Gusans (; Parthian for poet-musician or minstrel) were creative and performing artists - singers, instrumentalists, dancers, storytellers, and professional folk actors in public theaters of Parthia and ancient and medieval Armenia. 

In Armenia, the term gusan is often used as a synonym for ashugh, a singer-poet and bard.

Etymology 
The word gusan is first mentioned in early Armenian texts of V c., e.g. Faustus of Byzantium, Moses of Chorene, etc. In Parsian language the earliest known evidence is from Vis o Rāmin by Fakhruddin As'ad Gurgani in the eleventh century. It was originally thought to have been a personal name. However in the 19th century Kerovbe Patkanian identified it as a common word possibly meaning "musician" and suggested that it was an obsolete Persian term, currently found in a form of a loanword in Armenian. In 1934 Harold Walter Bailey linked to origin of the word to the Parthian language. In Hrachia Acharian's opinion the word was borrowed into Parthian from Armenian govasan "praiser", then borrowed back into Armenian as gusan. The word is attested in Manichaean Parthian as gwsʾn. For a thorough linguistic treatment of the word see gwsʾn.

History

In Parthia and Sassanian Iran
Music and poetry constituted an essential part of Parthian culture, serving as an important indicator of belonging in the secular society of ancient Parthia. It is not known from ancient sources how the Parthian gosans were trained, but the predominance of hereditary transmission of professions in Ancient Iran makes it possible for transmission from family education and the transfer of knowledge from fathers to children. Historians believe that each feudal clan had its own clan minstrel gosans who knew the history and traditions of the clan and glorified them in their works.
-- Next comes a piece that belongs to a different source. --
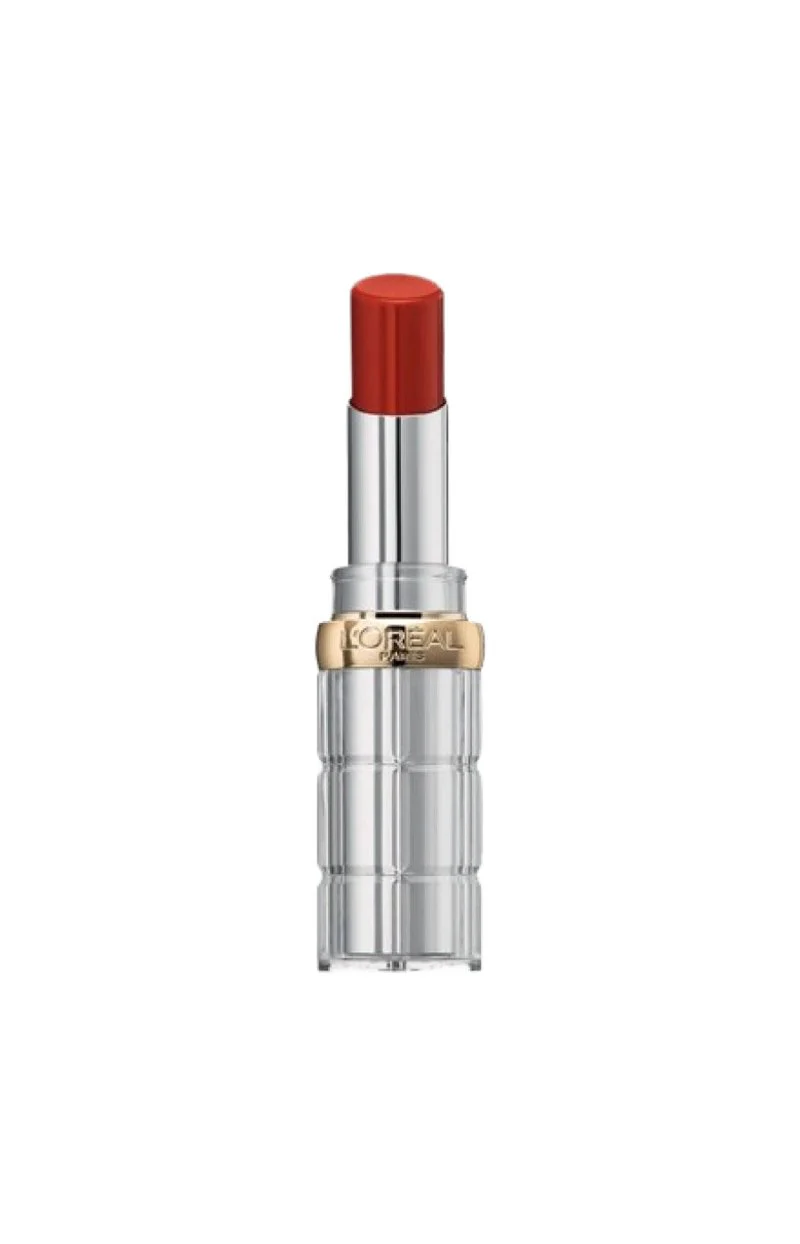 Rouge à lèvres - Color Riche Shine - Image 8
The Gosans enjoyed great privileges and authority in ancient Iranian society. According to medieval Iranian sources, not a single significant event could do without them. Gusan art reached a focal point of development during the Sasanian Empire. One of the most famous gusans (minstrel poets) of the Sassanian era was Barbad.
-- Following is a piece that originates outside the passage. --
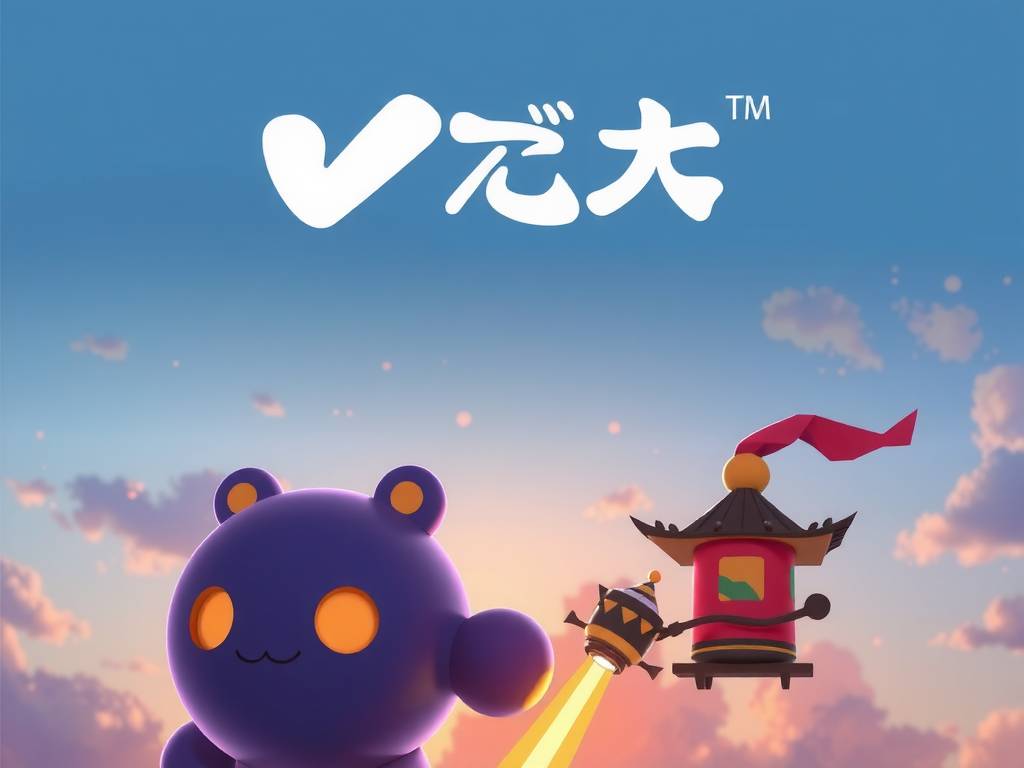 三角洲卡盟会员升级：普通会员升 VIP 权益攻略(1)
Parthian influence has left clear traces in some aspects of Armenian culture. Thus, the gusans mentioned by Armenian authors are a replica of the Parthian gusans. Mary Boyce believes that the Parthian cultural influence was so strong in the region, and in particular in Armenia, that it is likely that the Parthian gusans influenced not only the name but also, the Armenian art form.

In Armenia

The origin of Armenian religious and secular songs and their instrumental counterparts takes place in time immemorial. Songs arise from various expressions of Armenian folk art such as rituals, religious practices and mythological performances in the form of music, poetry, dance and theatre. Performers of these forms of expression, gradually honing their skills and developing theoretical aspects, have created a performing tradition. In ancient Armenia, musicians that were referred to as "vipasans”(storytellers) appeared in historical sources as early as the first millennium BC. Vipasans raised the art of secular song and music to a new level. Over time, the vipasans were replaced by "govasans" which later became known as "gusans.” The art of the latter is one of the most important manifestations of medieval Armenian culture, which left indelible traces in the consciousness and spiritual life of people. Gusans, cultivating this particular art form, created monumental works in both lyric and epic genres, thus enriching both national and international cultural heritage (such examples are the heroic epic “David of Sasun” and a series of lyric poems -hairens)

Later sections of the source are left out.